WHAT THIS TASK INVOLVES:
What is needed is an exact copy of the lines from the line holding "cherubini logo" through the end of the material, with no other lines and no pictures.

■ ■ ■ ■

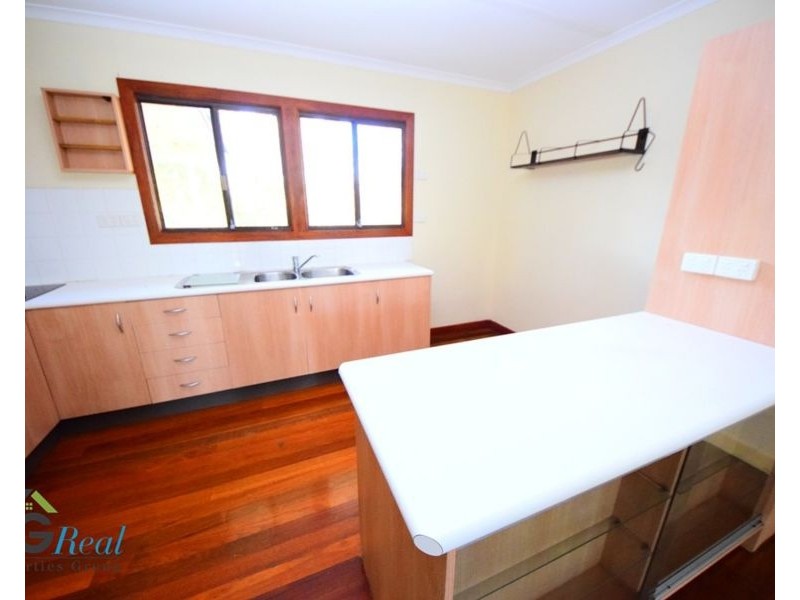 449 Stoney Camp Road, Greenbank QLD 4124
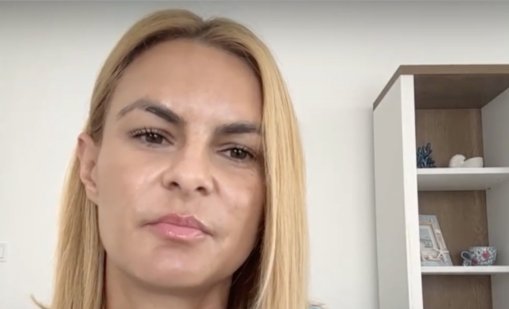 Д-р Бацелова: Хигиената е най-сигурната защита срещу стомашните вируси
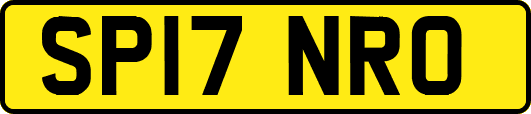 SP17NRO
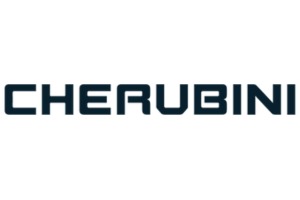 cherubini logo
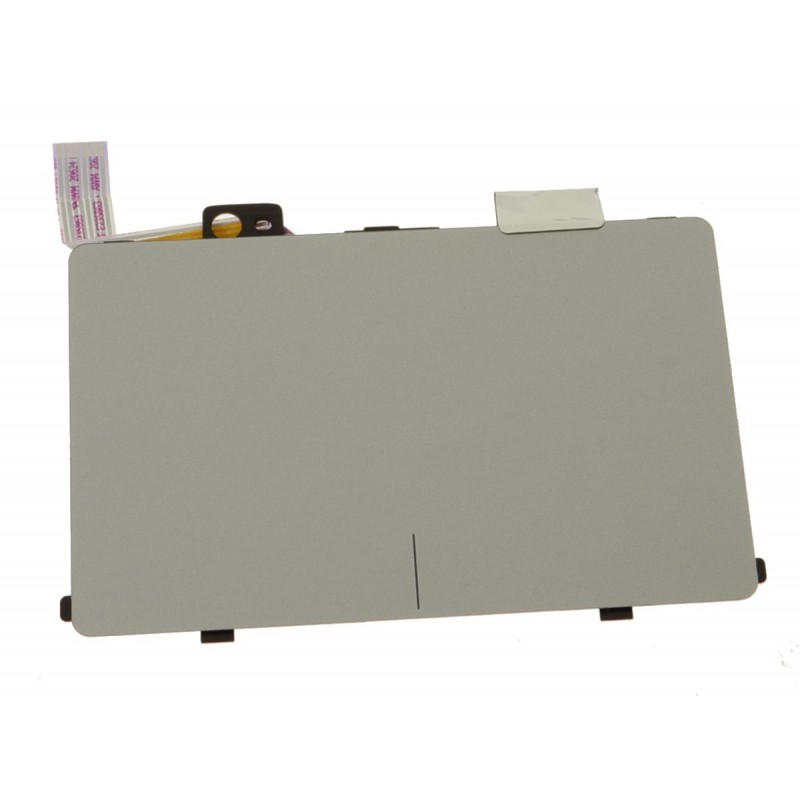 Dell Inspiron 13 7347 Touchpad Sensor Module - X3PFN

■ ■ ■ ■

WORKED SOLUTION:
 cherubini logo
 Dell Inspiron 13 7347 Touchpad Sensor Module - X3PFN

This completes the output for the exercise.